Note that the FREE version will only handle up to 100 customers, after that you need to purchase a full version. But seriously folks, your running a business and there is much more to it than simply keeping up with your customer information. 

Quickbooks comes in many versions, and they now even offer a CRM (customer resource manager) that can manage most shops needs and keep up with your expenses, taxes...and besides that if you dont use this type of accounting system how will you ever really know if your making money?

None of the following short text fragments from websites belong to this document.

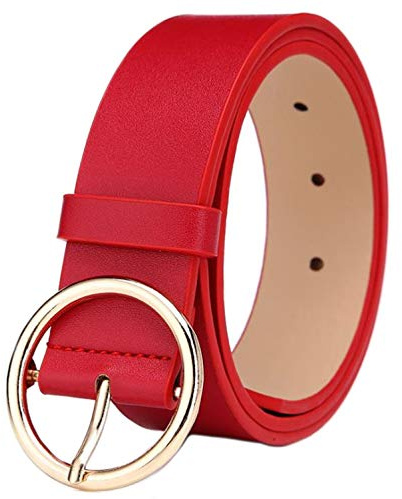MESHIKAIER 41 * 1.3 Zoll Damen mode PU Leder Gürtel Taillengürtel Hüftgürtel Casual Waist Belt mit Metallisch Schnalle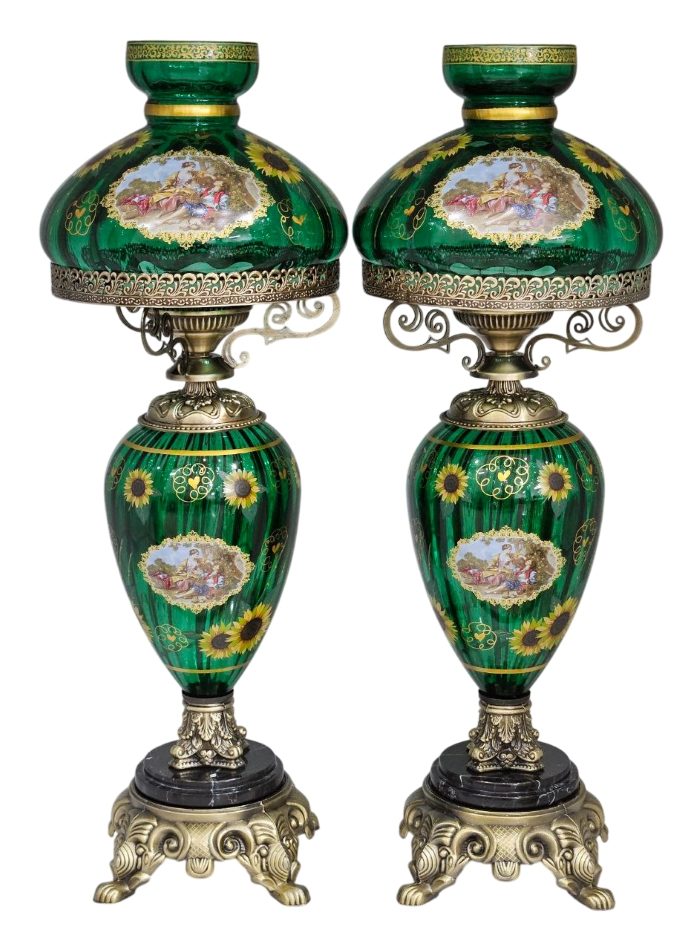 آباژور شیشه ای طرح لیلی و مجنون و آفتابگردان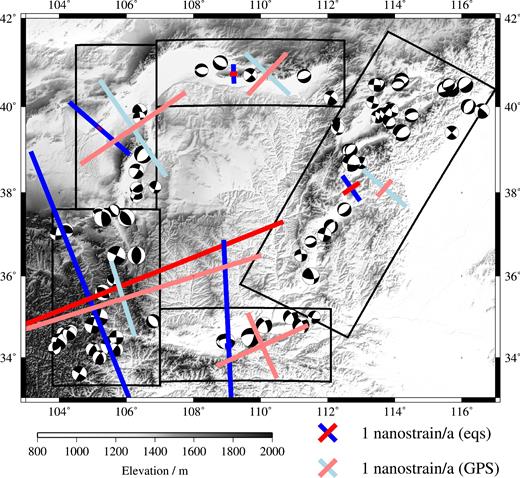 Comparison between Kostrov summations and GPS-derived strain rates. Black boxes indicate Kostrov regions. Brighter coloured crosses indicate orientation and magnitude of maximum and minimum horizontal strain rate from Kostrov summations; paler coloured crosses indicate orientation and magnitude of maximum and minimum horizontal strain rate, calculated from the GPS data within each Kostrov region. Blue indicates extension and red indicates contraction. Note that the scale is exaggerated 10 × for the Kostrov strain rate cross in the Hetao Graben. Inferred focal mechanisms for our catalogue of historical earthquakes around the margins of the Ordos Plateau (see Table 1) are shown in black. The observed mechanisms are consistent with the pattern of faulting expected from the geodetic strain rates in South Ningxia and Shanxi, but not in North Ningxia, Hetao or Weihe (see Table 2).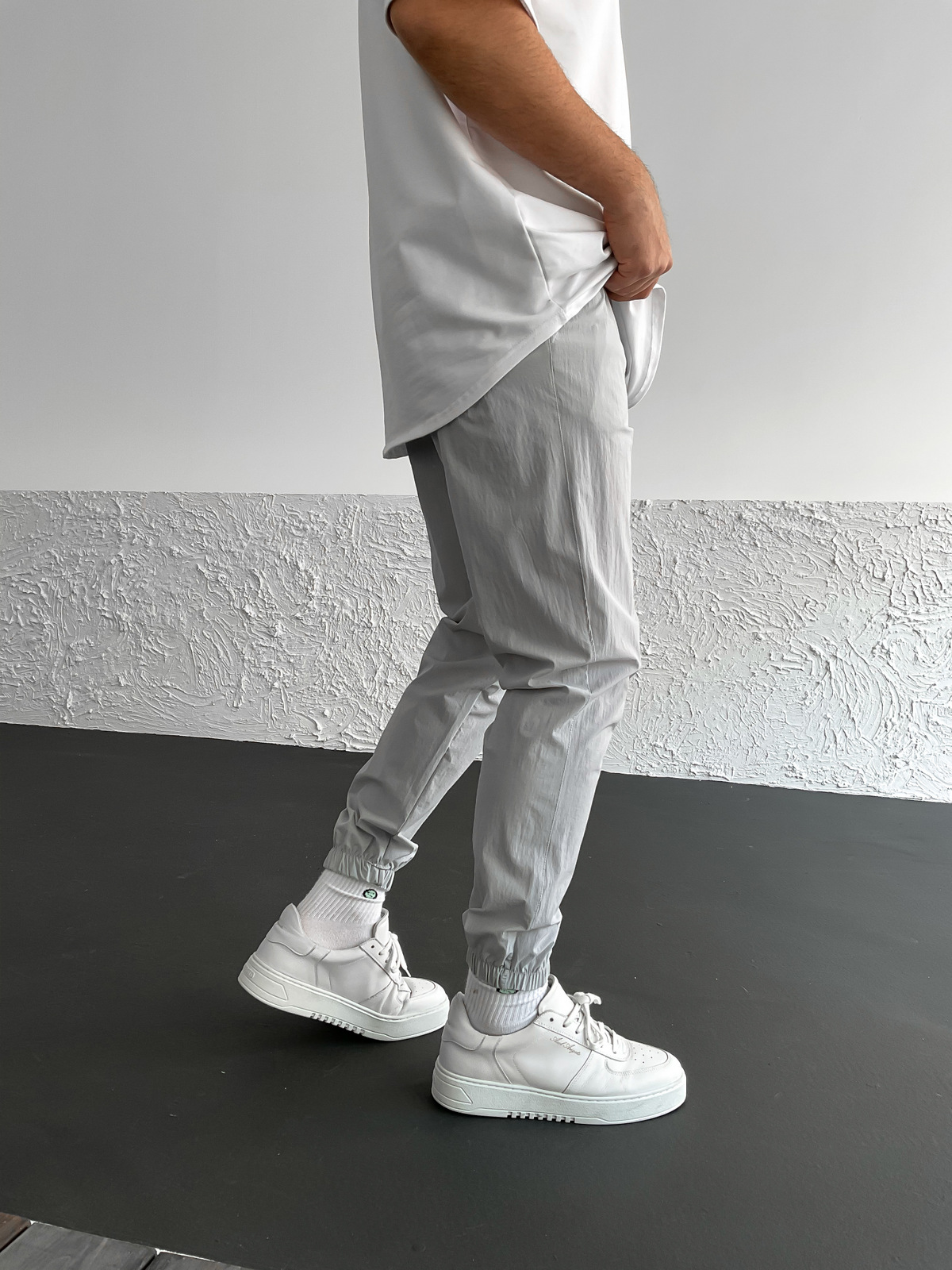 Gri Lastikli Paraşüt Kumaş Jogger K-2002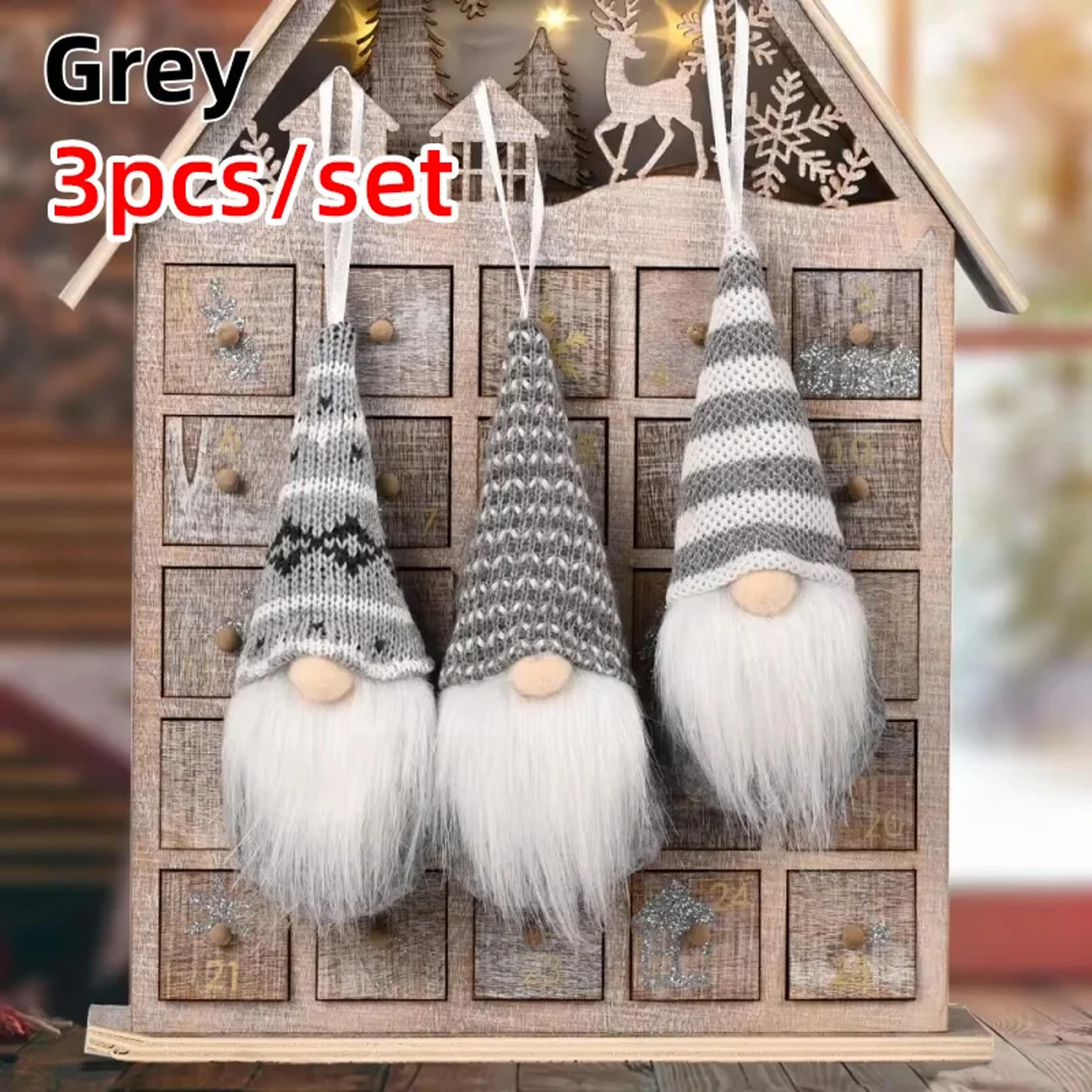 Christmas Gnomes Plush Santa Doll Knitted Fabric Xmas Tree Hanging Ornaments Gonk Dwarf Elf Decorat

If you run your business by how much money you have left over in your bank than your certain to fail as a business....especially if you get audited. Quickbooks is under $200 so there is no reason not to use it.


----------



## jmlampert23 (Nov 7, 2008)

they have a program called t-invoicer made for screen printers here is an ebay action on it. i have been thinking about getting it T-Invoicer 3 Screen Printing Estimating Invoice Program - eBay (item 150307996973 end time Nov-09-08 14:14:33 PST)


----------



## Mar (Feb 13, 2008)

I use quickbooks too. For me, even though I'm no accountant, it wasn't hard to use. Just gotta learn some new accounting terms. Its just that its tons of features buries it under a face of complexity. I find Quickbooks as the best solution to my accounting needs thus far. It is precise, concise, featureful.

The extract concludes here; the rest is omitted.